Anggota Divisi Advokasi Korupsi Politik Indonesia Corruption Watch (ICW), Egi Primayogha, mengatakan dalam situasi pandemi dan di tengah krisis, memang akan selalu ada pihak yang mencari celah untuk mendapat keuntungan. “Lewat penghapusan sanksi, pemerintah malah menunjukan keberpihakan kepada pengusaha batu bara. Sementara selama ini masyarakat yang terdampak masih berjuang untuk bisa melakukan pemulihan tidak diperhatikan. Mereka justru terus dirugikan,” tegas Egi.
Menurut Egi, pemerintah sengaja melupakan dampak buruk dari industri batu bara. Padahal kita baru saja dihadapkan dengan bencana banjir di Kalimantan Selatan. Kalimantan Selatan yang dulu dipenuhi dengan hutan kini wilayahnya dipenuhi dengan area pertambangan. Sehingga banjir tidak bisa dicegah.
“Masalahnya bukan semata curah hujan, tapi pengelolaan sumberdaya ekstraktif yang buruk dan hanya menguntungkan pengusaha. Obral perizinan, pengelolaan yang tidak transparan, pertanggungjawaban yang minus, pada akhirnya hanya memperparah dampak dari industri ekstraktif,” tutupnya.

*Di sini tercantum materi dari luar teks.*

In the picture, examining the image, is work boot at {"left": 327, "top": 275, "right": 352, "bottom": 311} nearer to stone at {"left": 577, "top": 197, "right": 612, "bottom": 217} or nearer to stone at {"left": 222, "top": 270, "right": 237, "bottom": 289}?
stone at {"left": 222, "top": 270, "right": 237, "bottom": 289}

Kebijakan pembebasan sanksi bagi pelaku usaha batu bara yang tidak mematuhi kewajiban DMO tersebut menguatkan rangkaian kebijakan yang dilakukan Kementerian ESDM cenderung “over insentif” kepada pelaku usaha batu bara. Sebagai gambaran, sepanjang 2020 lalu, terdapat banyak insentif lain yang telah diberikan Pemerintah kepada pelaku usaha batu bara. Sebut saja, mekanisme perpanjangan PKP2B menjadi IUPK yang jauh lebih mudah disbanding UU Minerba yang lama.
Realisasi produksi batu bara mencapai 558 juta ton, yang jelas melanggar Rencana Umum Energi Nasional (RUEN) yang memandatkan pembatasan produksi maksimal sebesar 400 juta ton di tahun 2019. Pelonggaran kewajiban penggunaan angkutan kapal laut dan asuransi nasional melalui Peraturan Menteri Perdagangan (Permendag) Nomor 40 Tahun 2020 tentang Ketentuan Penggunaan Angkutan Laut Nasional dan Asuransi Nasional untuk Ekspor dan Impor Barang Tertentu.